** Opening Record set block **

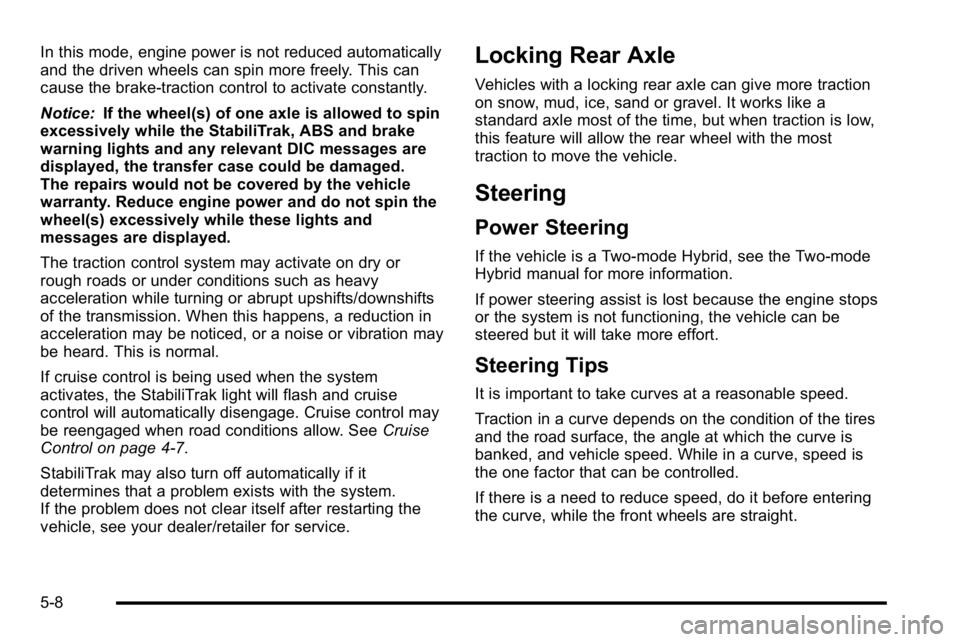 GMC SIERRA 2010 Owners Guide In this mode, engine power is not reduced automatically
and the driven wheels can spin more freely. This can
cause the brake-traction control to activate constantly.
Notice:If the wheel(s) of one axle GMC SIERRA 2010 Owners Guide In this mode, engine power is not reduced automatically
and the driven wheels can spin more freely. This can
cause the brake-traction control to activate constantly.
Notice:If the wheel(s) of one axle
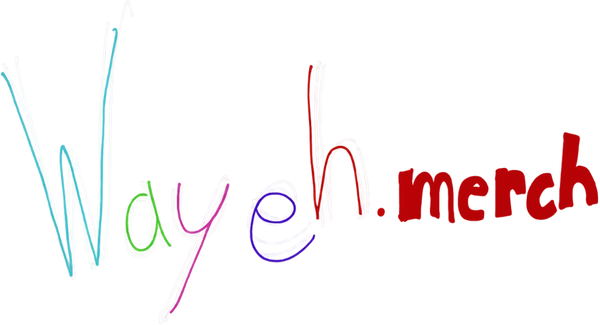Wayeh Merch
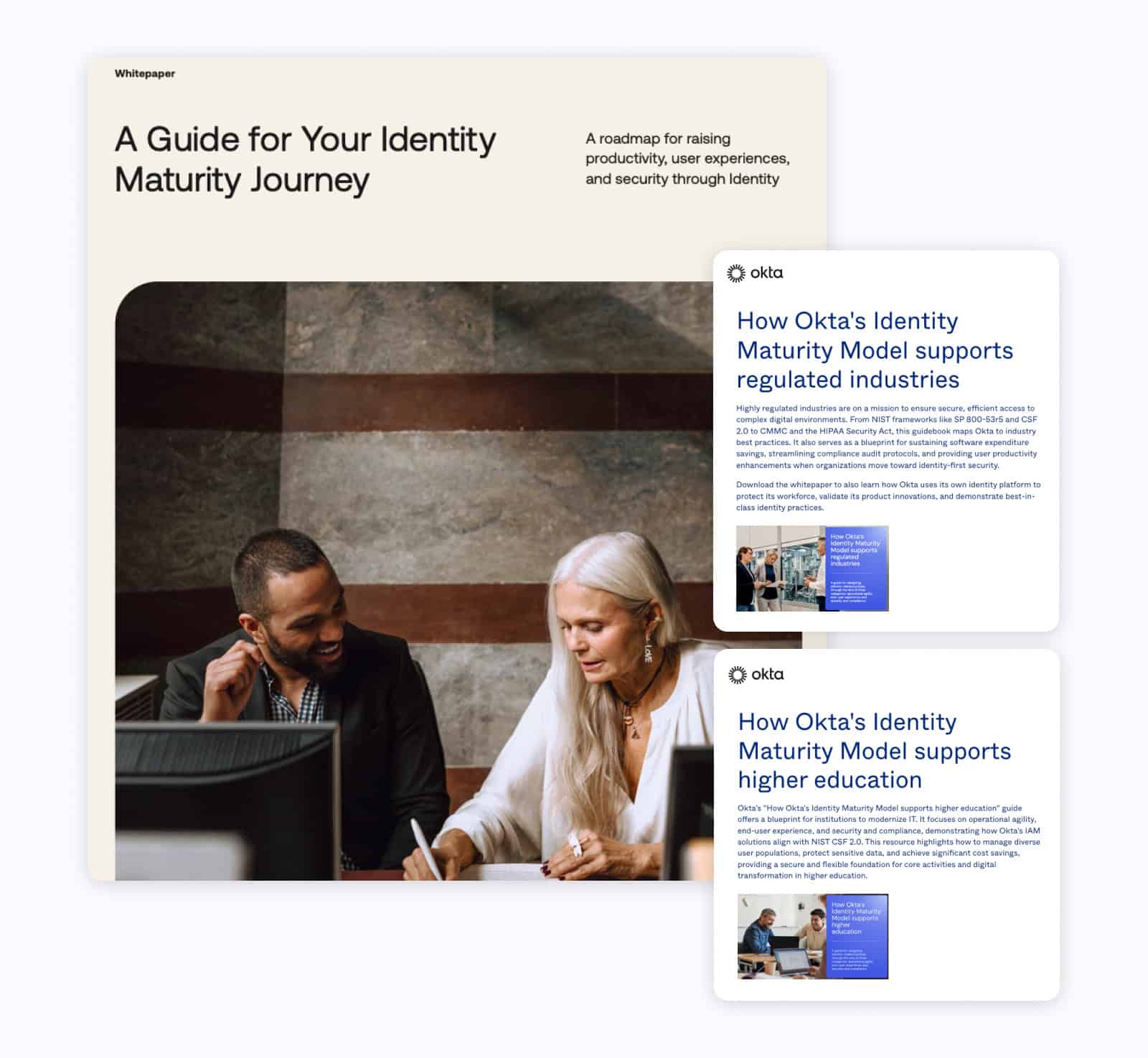 A marketing collage featuring a whitepaper and supporting content from Okta. The main panel is titled “A Guide for Your Identity Maturity Journey” with a subhead about raising productivity, user experiences, and security. It includes a photo of two professionals collaborating at a desk. To the right, two smaller cards display headlines: “How Okta’s Identity Maturity Model supports regulated industries” and “How Okta’s Identity Maturity Model supports higher education,” with descriptive text beneath each. The design emphasizes industry-specific applications of Okta’s identity security solutions.
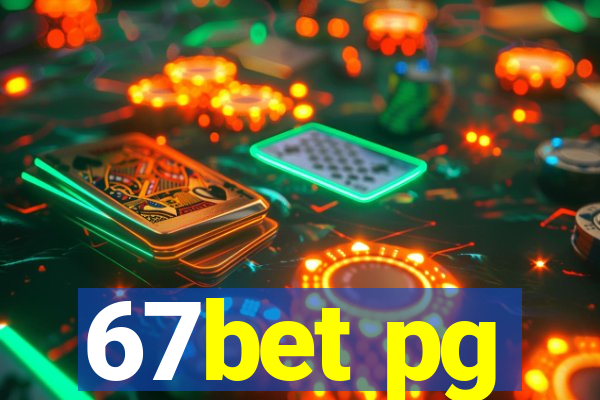 67bet pg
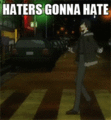 HATERS GONNA HATE! XD - anime photo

** Closing Record set block **

**Problem description:** Print the records above again exactly. Leave out the images.

**Result for this task:**
 GMC SIERRA 2010 Owners Guide In this mode, engine power is not reduced automatically
and the driven wheels can spin more freely. This can
cause the brake-traction control to activate constantly.
Notice:If the wheel(s) of one axle GMC SIERRA 2010 Owners Guide In this mode, engine power is not reduced automatically
and the driven wheels can spin more freely. This can
cause the brake-traction control to activate constantly.
Notice:If the wheel(s) of one axle
Wayeh Merch
 A marketing collage featuring a whitepaper and supporting content from Okta. The main panel is titled “A Guide for Your Identity Maturity Journey” with a subhead about raising productivity, user experiences, and security. It includes a photo of two professionals collaborating at a desk. To the right, two smaller cards display headlines: “How Okta’s Identity Maturity Model supports regulated industries” and “How Okta’s Identity Maturity Model supports higher education,” with descriptive text beneath each. The design emphasizes industry-specific applications of Okta’s identity security solutions.
 67bet pg
 HATERS GONNA HATE! XD - anime photo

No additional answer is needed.